**Instructions to follow**: The answer is the line with "تحيا مصر.. مسيرات" and every line after it to the end of the listing, retyped exactly. Pictures do not belong in it.

**Data extract**:
* * * * * * * * *

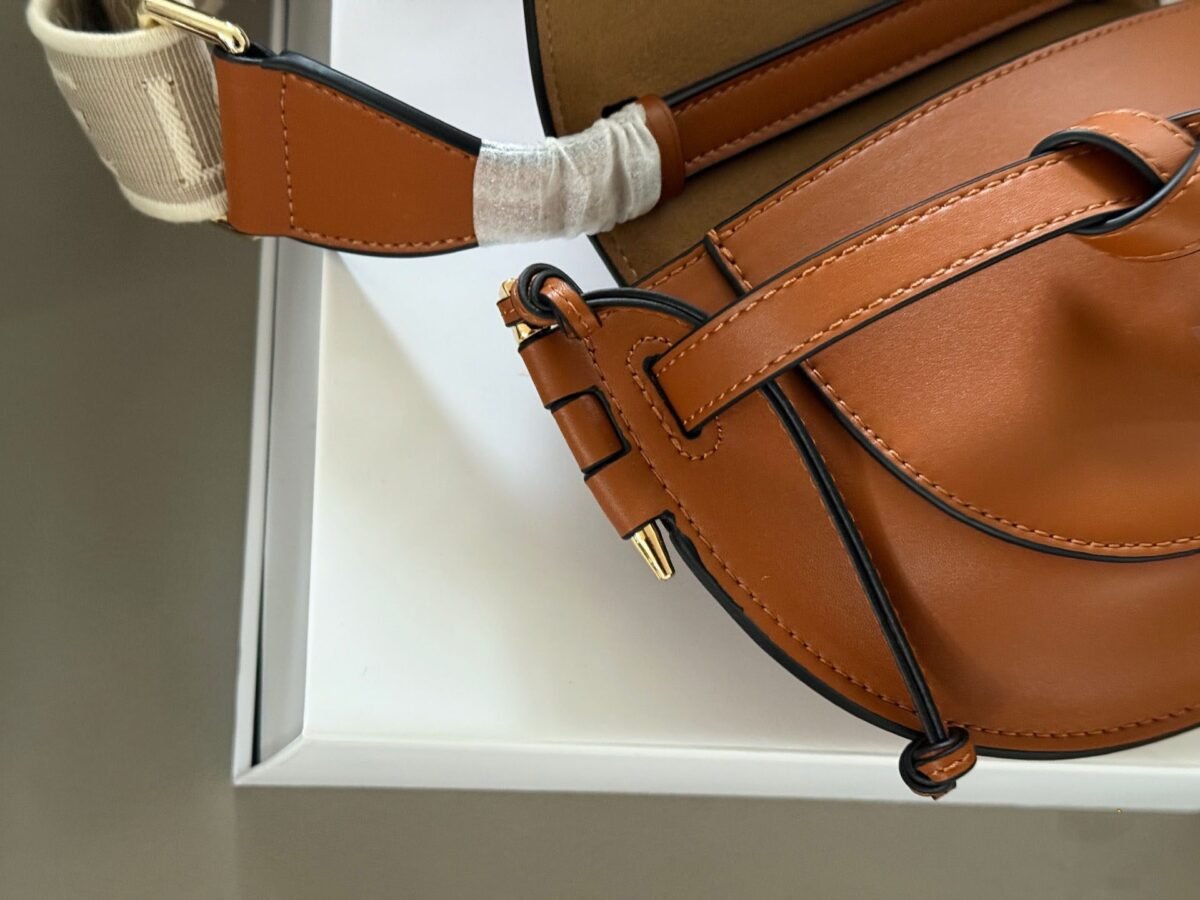 ⁦حقيبة Gate Saddle من لويفي⁩ - الصورة ⁦9⁩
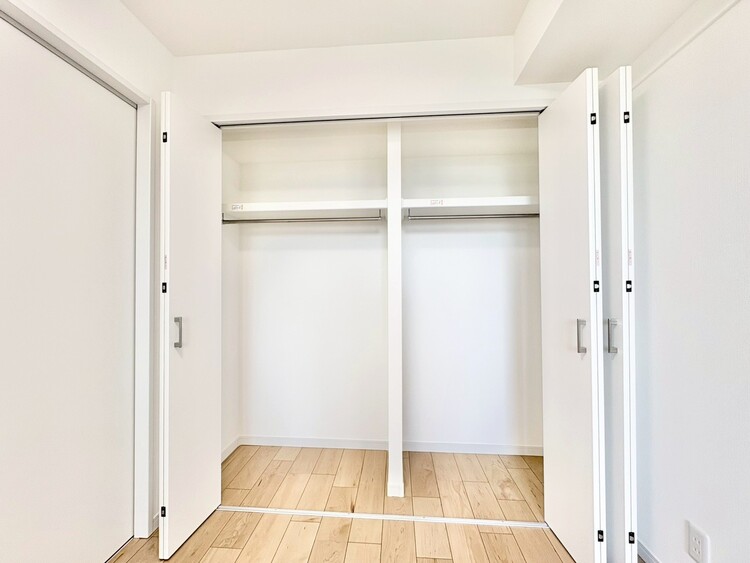 その他 収納スペースが付いていて、お部屋を広く使っていただけます。
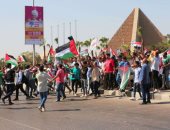 تحيا مصر.. مسيرات جديدة تنضم للمواطنين أمام المنصة بشعار "الشعب العربى واحد"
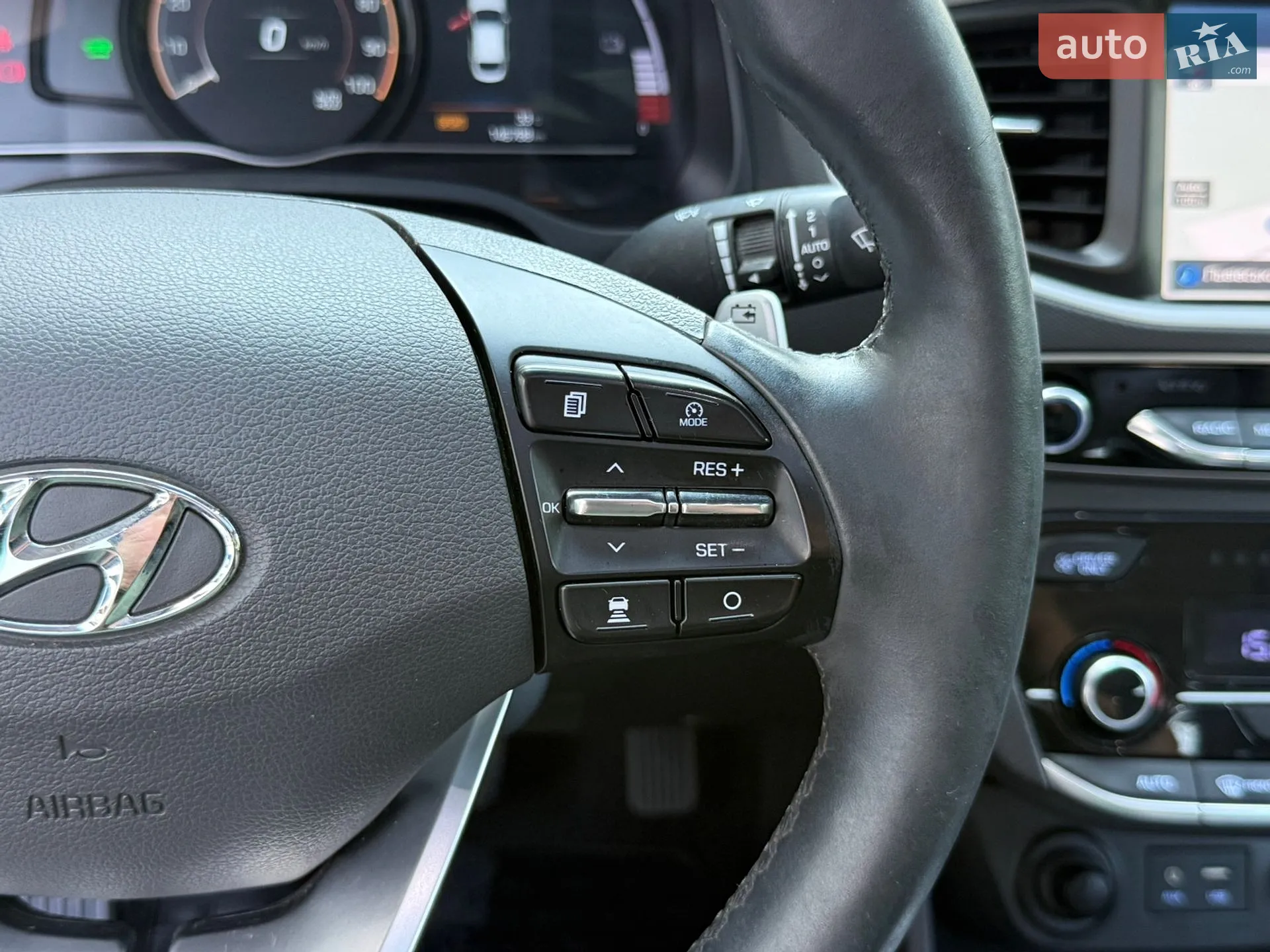 2016 Hyundai IONIQ - мініатюра 51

* * * * * * * * *

**Expected output**:
 تحيا مصر.. مسيرات جديدة تنضم للمواطنين أمام المنصة بشعار "الشعب العربى واحد"
 2016 Hyundai IONIQ - мініатюра 51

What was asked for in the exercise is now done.